[Data entries]
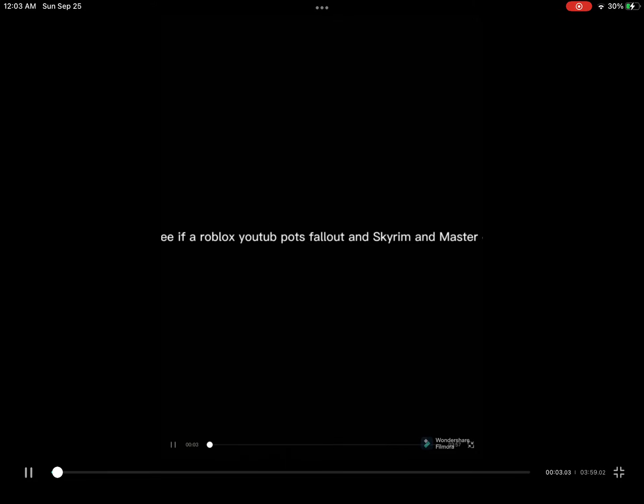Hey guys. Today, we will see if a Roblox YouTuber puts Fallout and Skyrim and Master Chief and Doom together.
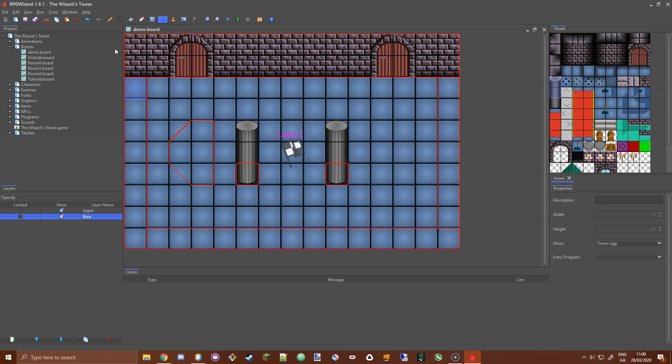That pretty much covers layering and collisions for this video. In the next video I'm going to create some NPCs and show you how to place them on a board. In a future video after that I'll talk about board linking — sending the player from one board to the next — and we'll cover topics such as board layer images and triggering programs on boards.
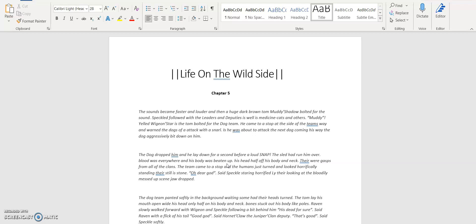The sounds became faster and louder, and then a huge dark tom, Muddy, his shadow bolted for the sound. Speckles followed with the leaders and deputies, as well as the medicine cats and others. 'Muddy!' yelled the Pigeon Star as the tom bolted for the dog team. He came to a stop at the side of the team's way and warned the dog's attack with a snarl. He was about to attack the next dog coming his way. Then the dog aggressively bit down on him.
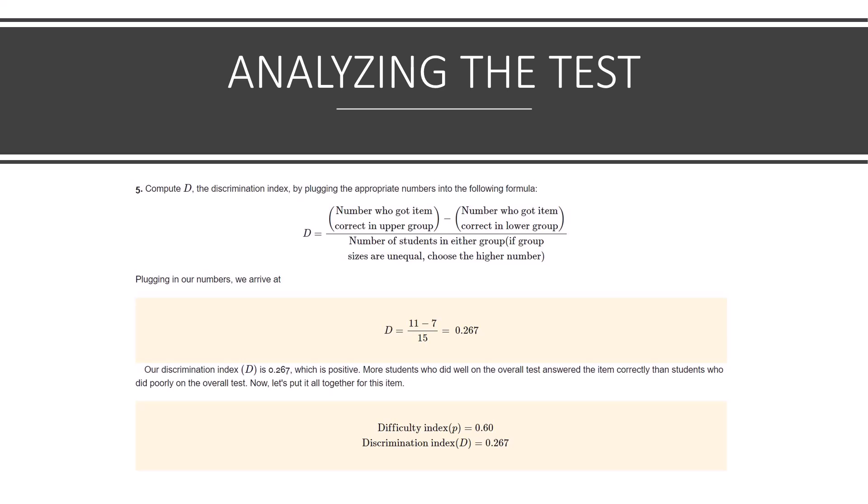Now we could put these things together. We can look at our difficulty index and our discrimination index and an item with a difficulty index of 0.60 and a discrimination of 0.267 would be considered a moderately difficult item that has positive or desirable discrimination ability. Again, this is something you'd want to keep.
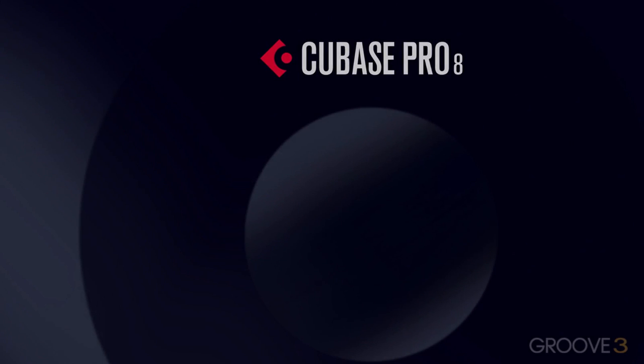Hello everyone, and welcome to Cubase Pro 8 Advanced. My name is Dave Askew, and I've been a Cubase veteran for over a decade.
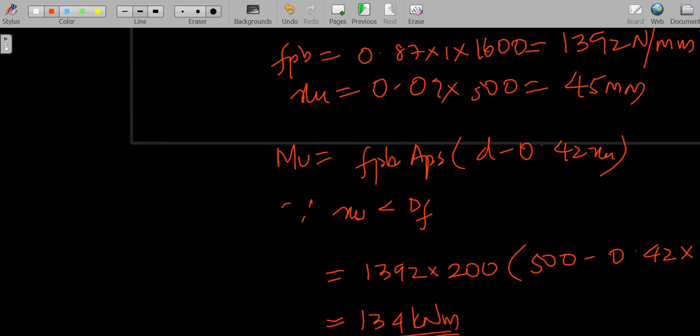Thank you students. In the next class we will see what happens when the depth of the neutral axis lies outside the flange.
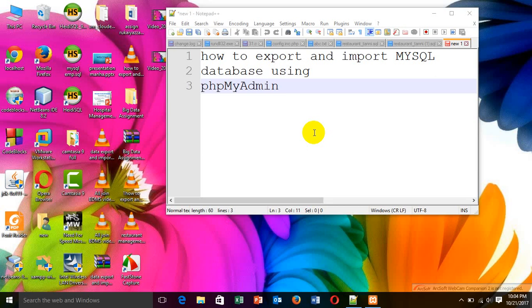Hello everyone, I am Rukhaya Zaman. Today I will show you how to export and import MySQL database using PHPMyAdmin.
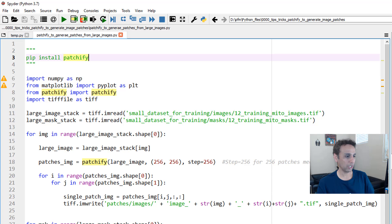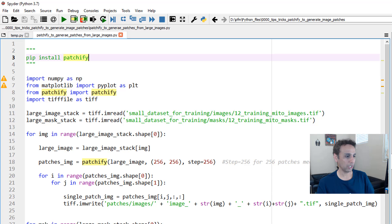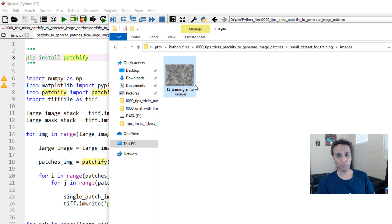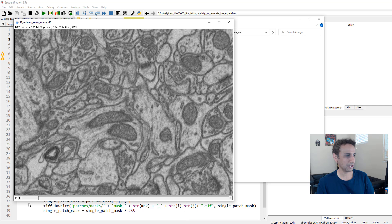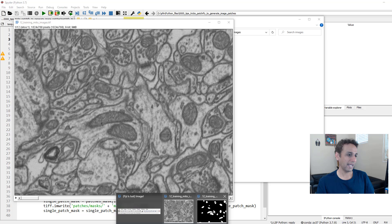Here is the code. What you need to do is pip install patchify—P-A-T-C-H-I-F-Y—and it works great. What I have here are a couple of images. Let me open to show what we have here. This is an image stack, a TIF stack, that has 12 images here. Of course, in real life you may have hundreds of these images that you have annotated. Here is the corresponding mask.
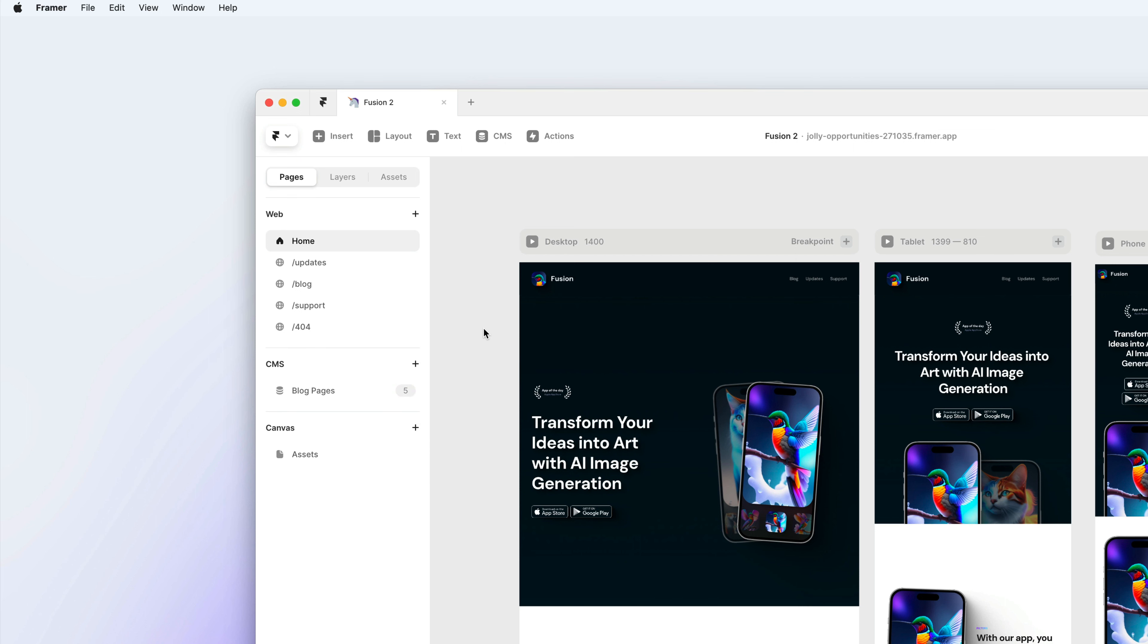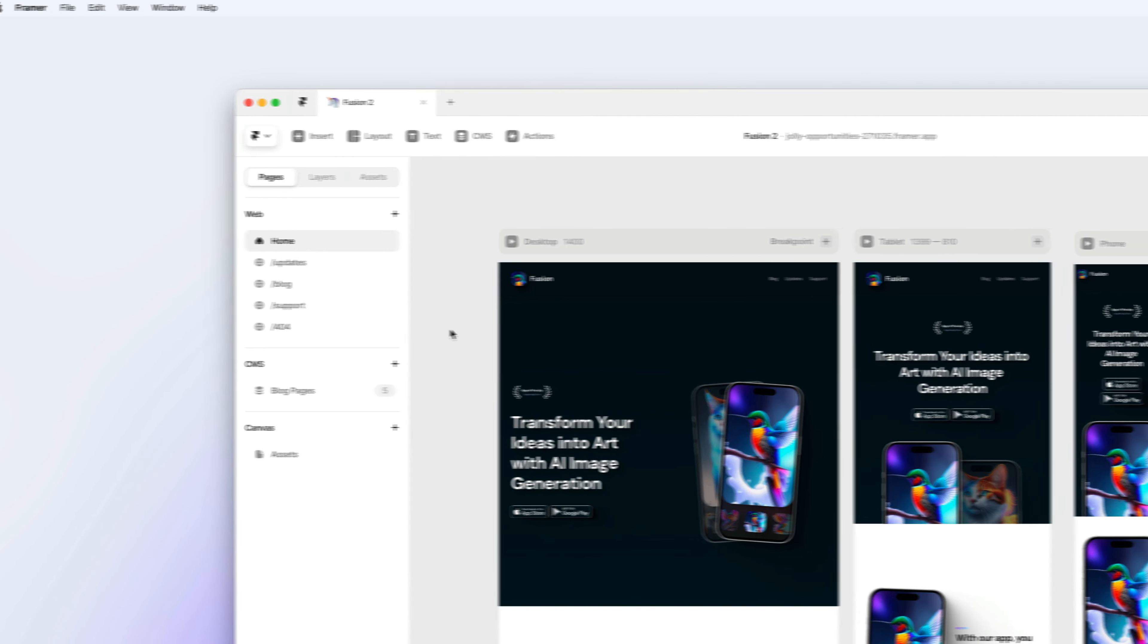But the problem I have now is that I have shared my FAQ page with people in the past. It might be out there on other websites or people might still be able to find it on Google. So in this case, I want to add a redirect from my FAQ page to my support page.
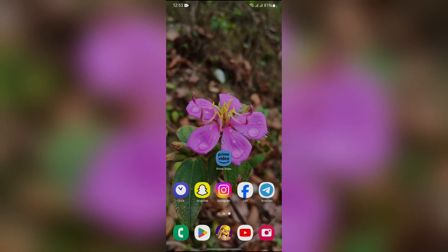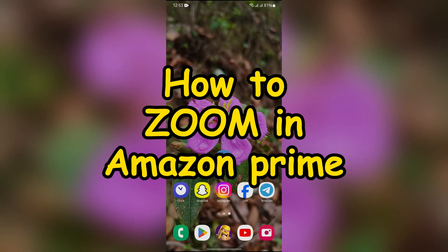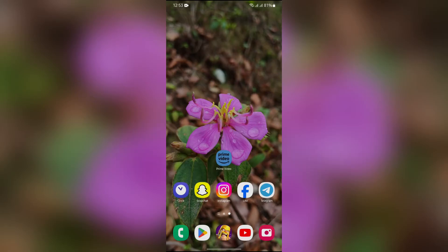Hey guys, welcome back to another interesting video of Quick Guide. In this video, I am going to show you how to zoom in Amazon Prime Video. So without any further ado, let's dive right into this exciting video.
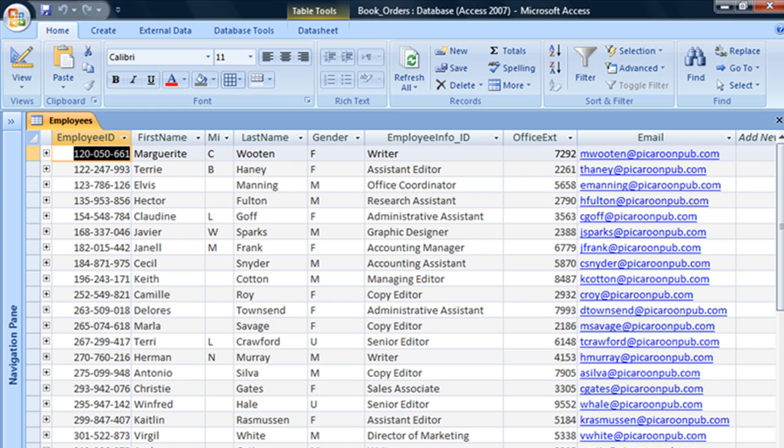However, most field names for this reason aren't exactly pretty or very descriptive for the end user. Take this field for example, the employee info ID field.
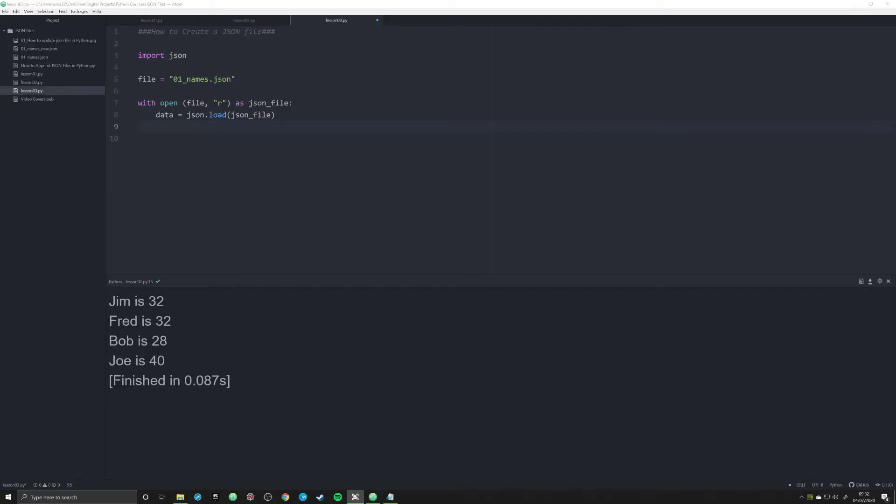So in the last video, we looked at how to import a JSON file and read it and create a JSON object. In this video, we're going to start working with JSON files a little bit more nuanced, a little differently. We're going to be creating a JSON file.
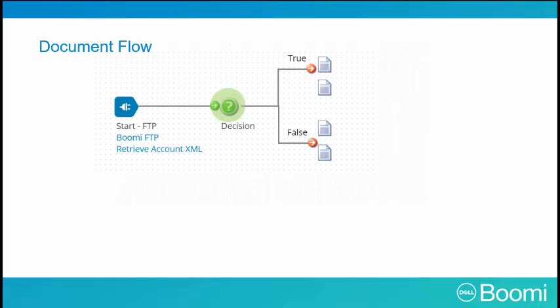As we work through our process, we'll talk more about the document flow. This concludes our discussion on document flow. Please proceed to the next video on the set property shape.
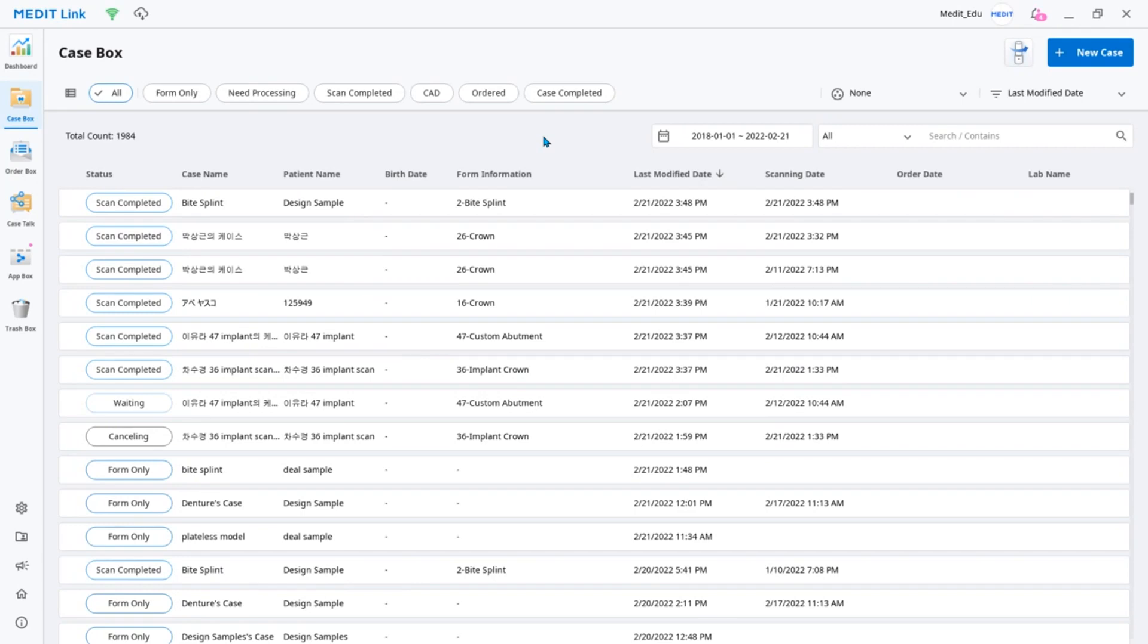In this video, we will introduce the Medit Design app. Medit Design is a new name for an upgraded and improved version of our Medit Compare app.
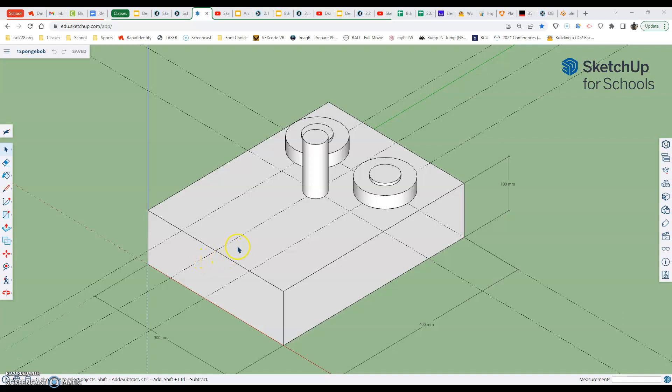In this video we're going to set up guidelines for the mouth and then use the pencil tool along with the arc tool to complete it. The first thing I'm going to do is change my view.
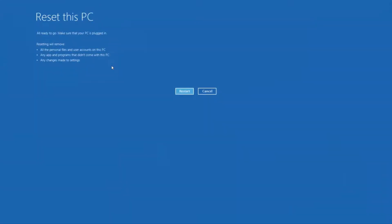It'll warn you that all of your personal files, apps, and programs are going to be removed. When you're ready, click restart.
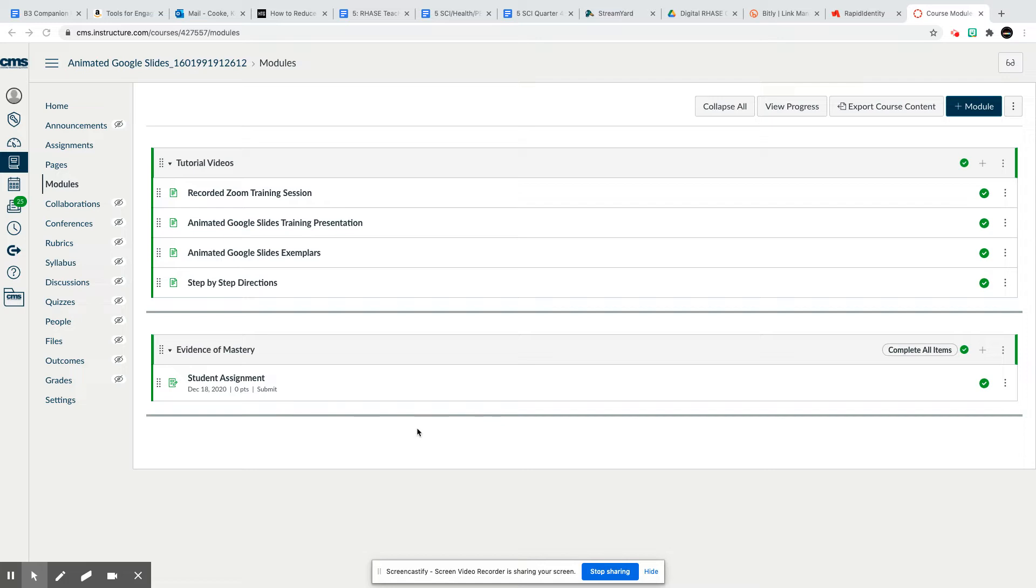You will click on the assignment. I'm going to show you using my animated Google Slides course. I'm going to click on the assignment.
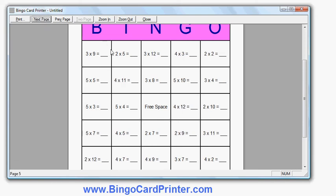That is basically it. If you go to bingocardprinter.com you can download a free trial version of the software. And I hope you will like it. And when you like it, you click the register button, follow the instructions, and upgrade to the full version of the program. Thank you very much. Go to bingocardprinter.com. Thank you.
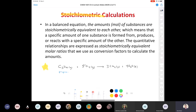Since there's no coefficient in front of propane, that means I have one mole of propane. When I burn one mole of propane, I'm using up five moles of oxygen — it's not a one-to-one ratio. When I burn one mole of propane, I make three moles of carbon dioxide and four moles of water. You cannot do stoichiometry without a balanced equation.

Task directions = Each record must be repeated exactly, and no picture may be carried over.

Answer for this exercise =
Hey guys. Today, we will see if a Roblox YouTuber puts Fallout and Skyrim and Master Chief and Doom together.
That pretty much covers layering and collisions for this video. In the next video I'm going to create some NPCs and show you how to place them on a board. In a future video after that I'll talk about board linking — sending the player from one board to the next — and we'll cover topics such as board layer images and triggering programs on boards.
The sounds became faster and louder, and then a huge dark tom, Muddy, his shadow bolted for the sound. Speckles followed with the leaders and deputies, as well as the medicine cats and others. 'Muddy!' yelled the Pigeon Star as the tom bolted for the dog team. He came to a stop at the side of the team's way and warned the dog's attack with a snarl. He was about to attack the next dog coming his way. Then the dog aggressively bit down on him.
Now we could put these things together. We can look at our difficulty index and our discrimination index and an item with a difficulty index of 0.60 and a discrimination of 0.267 would be considered a moderately difficult item that has positive or desirable discrimination ability. Again, this is something you'd want to keep.
Hello everyone, and welcome to Cubase Pro 8 Advanced. My name is Dave Askew, and I've been a Cubase veteran for over a decade.
Thank you students. In the next class we will see what happens when the depth of the neutral axis lies outside the flange.
Hello everyone, I am Rukhaya Zaman. Today I will show you how to export and import MySQL database using PHPMyAdmin.
Here is the code. What you need to do is pip install patchify—P-A-T-C-H-I-F-Y—and it works great. What I have here are a couple of images. Let me open to show what we have here. This is an image stack, a TIF stack, that has 12 images here. Of course, in real life you may have hundreds of these images that you have annotated. Here is the corresponding mask.
But the problem I have now is that I have shared my FAQ page with people in the past. It might be out there on other websites or people might still be able to find it on Google. So in this case, I want to add a redirect from my FAQ page to my support page.
Hey guys, welcome back to another interesting video of Quick Guide. In this video, I am going to show you how to zoom in Amazon Prime Video. So without any further ado, let's dive right into this exciting video.
However, most field names for this reason aren't exactly pretty or very descriptive for the end user. Take this field for example, the employee info ID field.
So in the last video, we looked at how to import a JSON file and read it and create a JSON object. In this video, we're going to start working with JSON files a little bit more nuanced, a little differently. We're going to be creating a JSON file.
As we work through our process, we'll talk more about the document flow. This concludes our discussion on document flow. Please proceed to the next video on the set property shape.
In this video, we will introduce the Medit Design app. Medit Design is a new name for an upgraded and improved version of our Medit Compare app.
In this video we're going to set up guidelines for the mouth and then use the pencil tool along with the arc tool to complete it. The first thing I'm going to do is change my view.
It'll warn you that all of your personal files, apps, and programs are going to be removed. When you're ready, click restart.
You will click on the assignment. I'm going to show you using my animated Google Slides course. I'm going to click on the assignment.
That is basically it. If you go to bingocardprinter.com you can download a free trial version of the software. And I hope you will like it. And when you like it, you click the register button, follow the instructions, and upgrade to the full version of the program. Thank you very much. Go to bingocardprinter.com. Thank you.
Since there's no coefficient in front of propane, that means I have one mole of propane. When I burn one mole of propane, I'm using up five moles of oxygen — it's not a one-to-one ratio. When I burn one mole of propane, I make three moles of carbon dioxide and four moles of water. You cannot do stoichiometry without a balanced equation.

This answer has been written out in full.